WORK REQUEST –
Could you copy the records below exactly, leaving out any pictures?

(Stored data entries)
════════

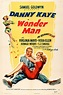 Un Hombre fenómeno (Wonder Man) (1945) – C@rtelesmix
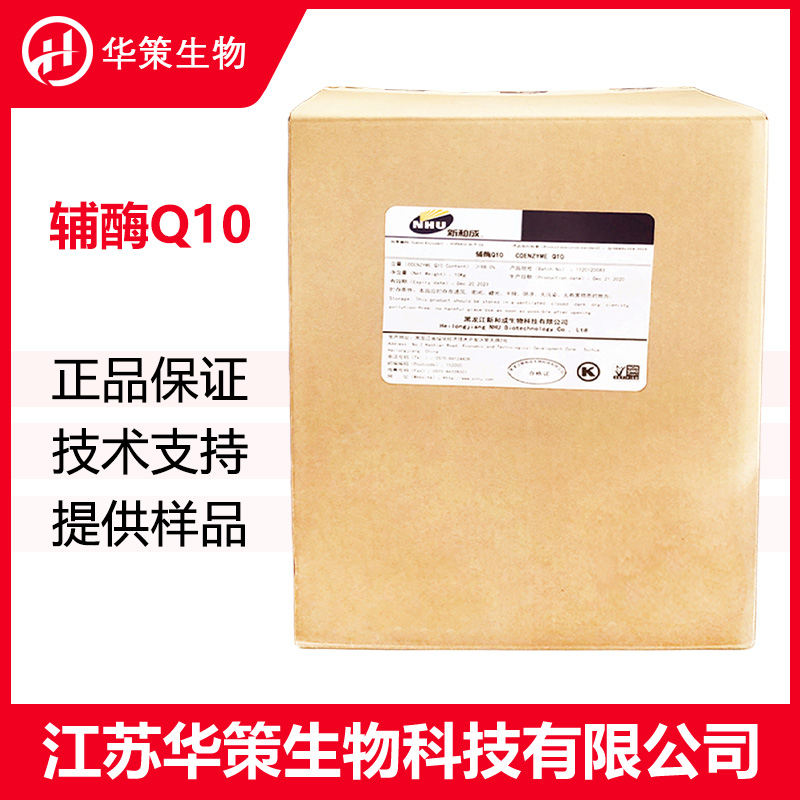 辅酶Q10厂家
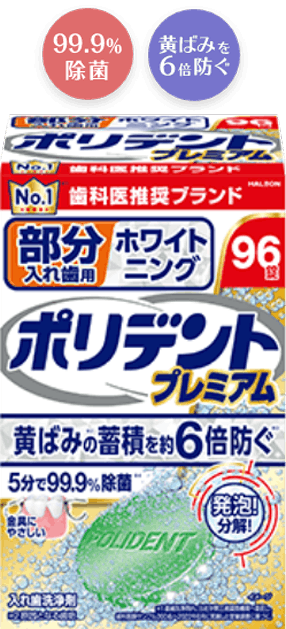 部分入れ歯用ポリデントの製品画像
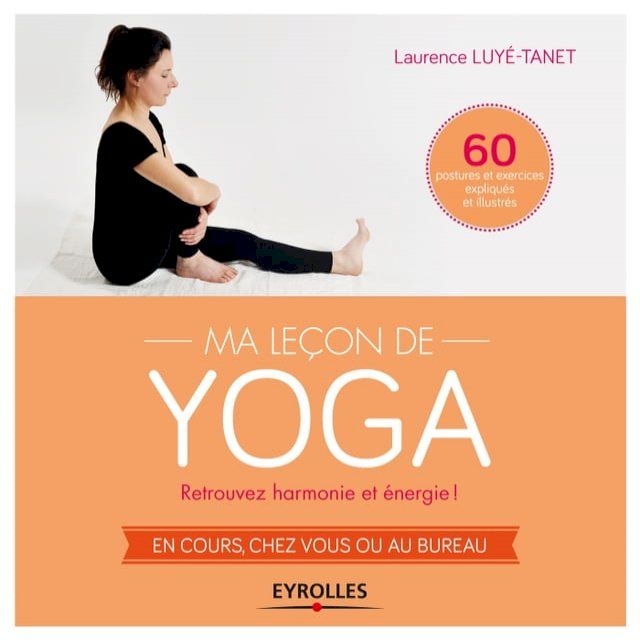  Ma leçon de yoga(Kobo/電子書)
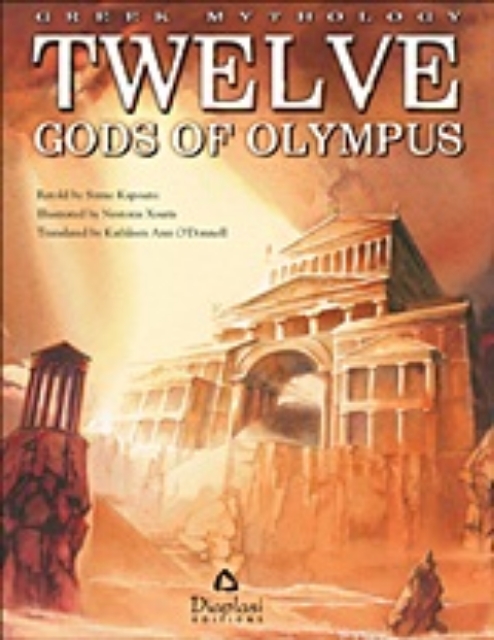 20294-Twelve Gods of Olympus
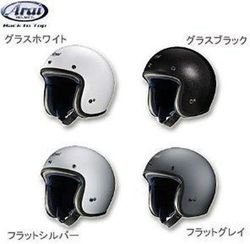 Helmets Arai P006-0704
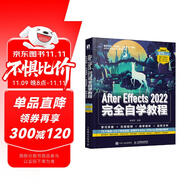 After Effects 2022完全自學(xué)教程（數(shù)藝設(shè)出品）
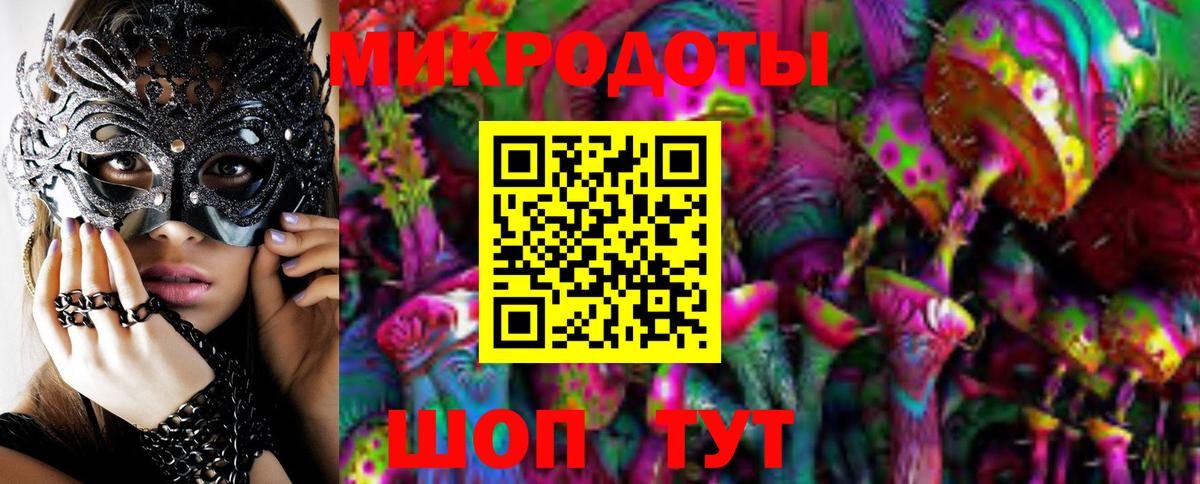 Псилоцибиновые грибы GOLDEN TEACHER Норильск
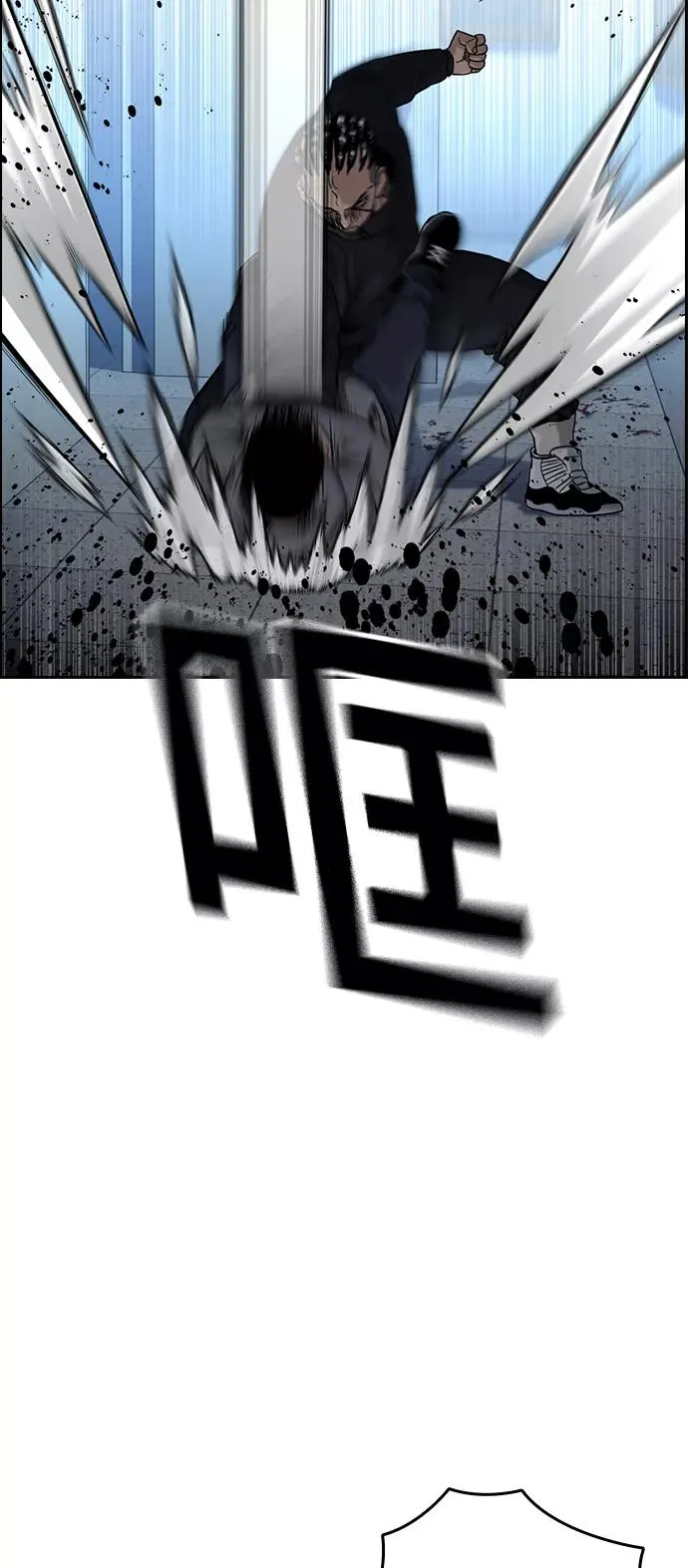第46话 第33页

════════

RESPONSE –
 Un Hombre fenómeno (Wonder Man) (1945) – C@rtelesmix
 辅酶Q10厂家
 部分入れ歯用ポリデントの製品画像
  Ma leçon de yoga(Kobo/電子書)
 20294-Twelve Gods of Olympus
 Helmets Arai P006-0704
 After Effects 2022完全自學(xué)教程（數(shù)藝設(shè)出品）
 Псилоцибиновые грибы GOLDEN TEACHER Норильск
第46话 第33页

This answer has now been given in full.